Ikigaï, du japonais, iki signifiant « vie », et gaï, « qui vaut la peine ». Ce concept pourrait être traduit par la « joie de vivre » et la « raison d’être » en japonais. Qu’est-ce que j’aime ? Dans quels domaines suis-je doué ? De quoi le monde a-t-il besoin ? Pourquoi suis-je payé professionnellement ? Voici les questions que pose cette méthode. Représenté par un diagramme de Venn avec quatre grands cercles, l’ikigaï permettrait de « trouver sa voie ». « Quatre sphères qui représentent pour la personne qui le remplit au fil des séances, ses motivations, ses compétences, ses valeurs, son expérience » nous dit Jocelyn, coach professionnel qui nous reçoit dans son cabinet dans le 18ᵉ arrondissement de Paris.
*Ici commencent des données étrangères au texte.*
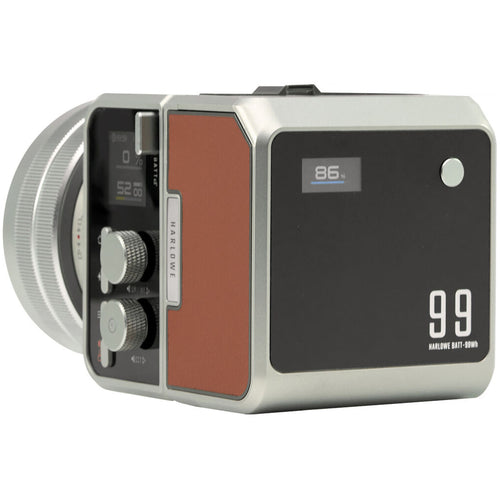 Harlowe Mini Max Standard Kit
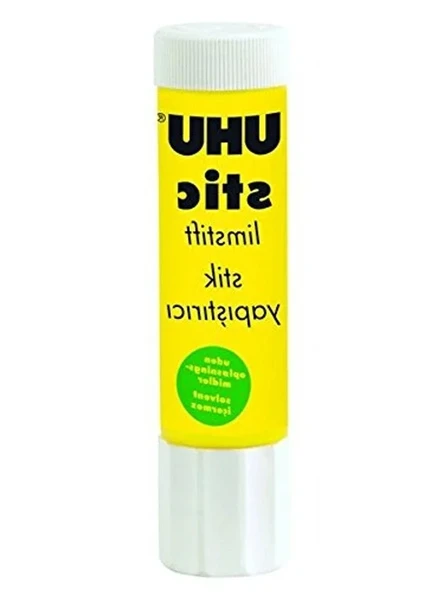 40 Gr Uhu Stic Yapıştırıcı, Çok Amaçlı Kullanım ürün görseli 1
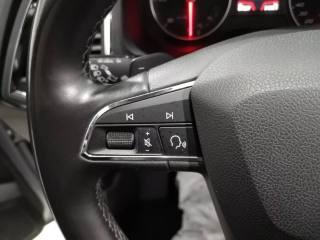 SEAT Ateca usata, con Autoradio digitale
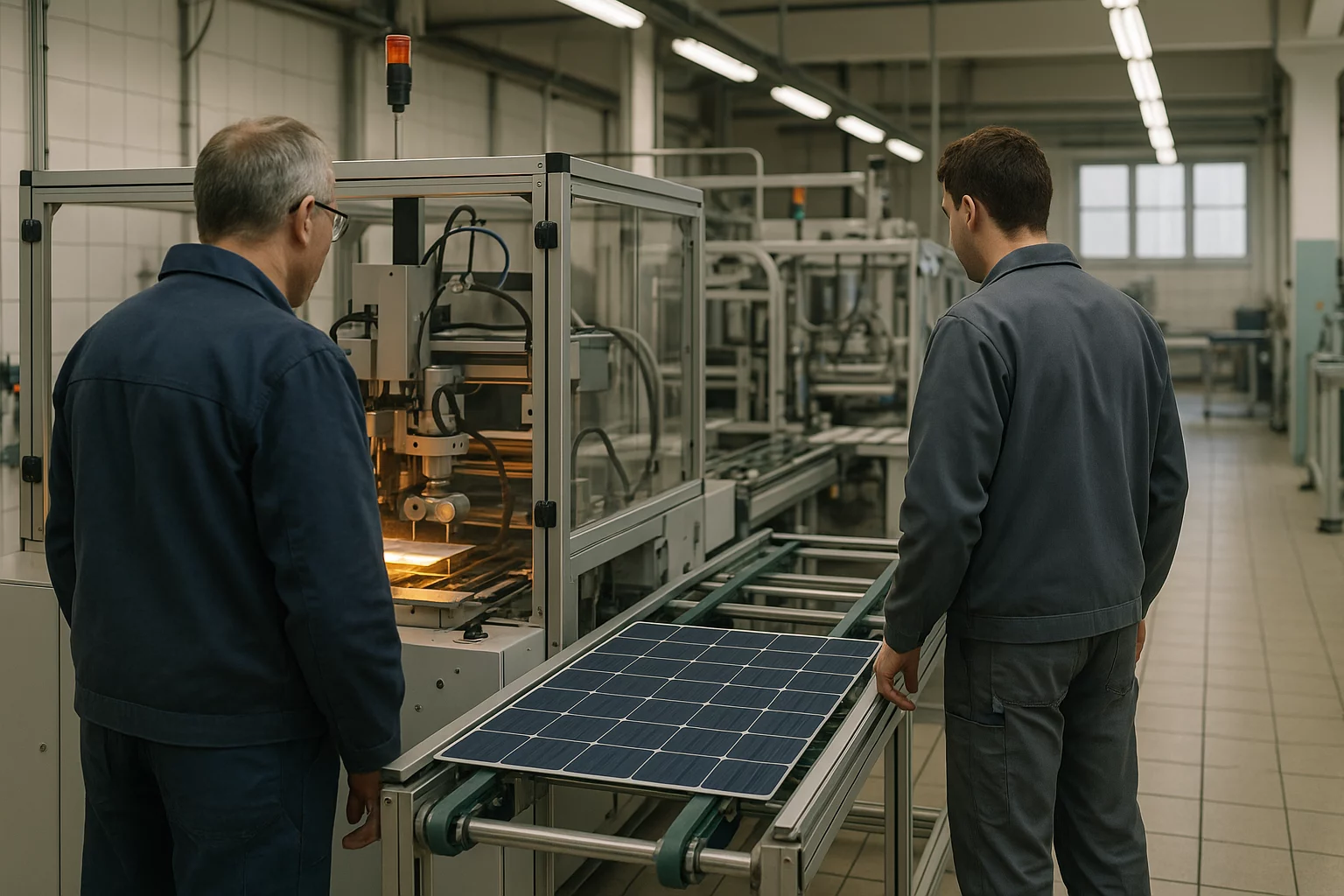 The Laminator: Encapsulating for a Lifetime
Si les origines de cette méthode font débat, son histoire serait puisée dans la culture d’Okinawa. Étudié par le journaliste Dan Buettner, auteur du livre Les Zones bleues du bonheur (2019). Okinawa serait considérée comme une « zone bleue », autrement dit une région où vivent les personnes les plus heureuses du monde.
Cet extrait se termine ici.